Dugaan Korupsi Pengadaan PDNS di Kominfo Picu Serangan Ransomware dan Kerugian Negara Ratusan Miliar

Kejaksaan Negeri Jakarta Pusat (Kejari Jakpus) tengah mengusut dugaan korupsi dalam proyek pengadaan barang dan jasa pengelolaan Pusat Data Nasional Sementara (PDNS) di Kementerian Komunikasi dan Informatika (kini Kementerian Komunikasi dan Digital atau Komdigi). Kasus ini berbuntut panjang, mengakibatkan serangan ransomware yang berdampak pada terganggunya layanan publik dan kebocoran data pribadi warga negara Indonesia pada tahun 2024. Kerugian negara ditaksir mencapai ratusan miliar rupiah.

Kepala Seksi Intelijen Kejari Jakpus, Bani Immanuel Ginting, mengungkapkan bahwa akar permasalahan terletak pada ketidakpatuhan terhadap standar keamanan siber. Kegagalan memasukkan persyaratan kelaikan dari Badan Siber dan Sandi Negara (BSSN) dalam proses penawaran proyek menjadi celah utama. Hal ini diungkapkan dalam keterangan pers tertulis pada Jumat, 14 Maret 2025. Akibatnya, sistem PDNS rentan terhadap serangan siber, dan pada Juni 2024, serangan ransomware melumpuhkan beberapa layanan dan menyebabkan eksposur data penduduk Indonesia. Ironisnya, proyek PDNS ini telah menelan anggaran lebih dari Rp 959.485.181.470.

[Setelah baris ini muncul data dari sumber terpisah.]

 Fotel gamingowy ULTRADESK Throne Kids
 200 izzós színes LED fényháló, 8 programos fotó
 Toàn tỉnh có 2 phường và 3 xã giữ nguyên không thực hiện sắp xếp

Penyelidikan Kejari Jakpus mengungkap dugaan praktik pengkondisian pemenang tender oleh oknum pejabat Kominfo dan pihak swasta, PT Aplikanusa Lintasarta (AL), selama periode 2020-2024. Berikut rincian dugaan pengkondisian tersebut:

  • 2020: Oknum pejabat Kominfo diduga bekerja sama dengan PT AL untuk memenangkan tender senilai Rp 60.378.450.000.
  • 2021: PT AL kembali memenangkan tender dengan nilai kontrak Rp 102.671.346.360.
  • 2022: Diduga terjadi pengkondisian dengan menghilangkan persyaratan tertentu agar PT AL memenangkan tender senilai Rp 188.900.000.000.
  • 2023: PT AL memenangkan pekerjaan komputasi awan senilai Rp 350.959.942.158.
  • 2024: PT AL memenangkan tender senilai Rp 256.575.442.952, dengan bermitra dengan pihak yang tidak memenuhi persyaratan pengakuan kepatuhan ISO 22301.

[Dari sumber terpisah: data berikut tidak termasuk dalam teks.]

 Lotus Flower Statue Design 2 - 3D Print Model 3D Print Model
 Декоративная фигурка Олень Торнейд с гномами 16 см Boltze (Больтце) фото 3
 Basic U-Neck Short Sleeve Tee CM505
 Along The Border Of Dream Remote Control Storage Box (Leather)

Lebih lanjut, Bani menjelaskan bahwa pelaksanaan proyek PDNS diduga menyimpang dari Peraturan Presiden Nomor 95 Tahun 2018 tentang Sistem Pemerintahan Berbasis Elektronik. Peraturan tersebut hanya mewajibkan pembangunan Pusat Data Nasional (PDN), bukan PDNS, dan menekankan pentingnya perlindungan data sesuai standar BSSN. Ketidaksesuaian ini semakin memperparah dampak negatif dari dugaan korupsi tersebut.

Sebagai bagian dari penyelidikan, Kejari Jakpus telah melakukan penggeledahan di beberapa lokasi di Jakarta Pusat, Jakarta Selatan, Bogor, dan Tangerang Selatan. Hasil penggeledahan meliputi penyitaan sejumlah aset, termasuk mobil, uang, dokumen, bangunan, dan barang elektronik. Pihak Kejaksaan memperkirakan kerugian keuangan negara akibat dugaan tindak pidana korupsi ini mencapai ratusan miliar rupiah. Proses hukum atas kasus ini masih terus berlanjut.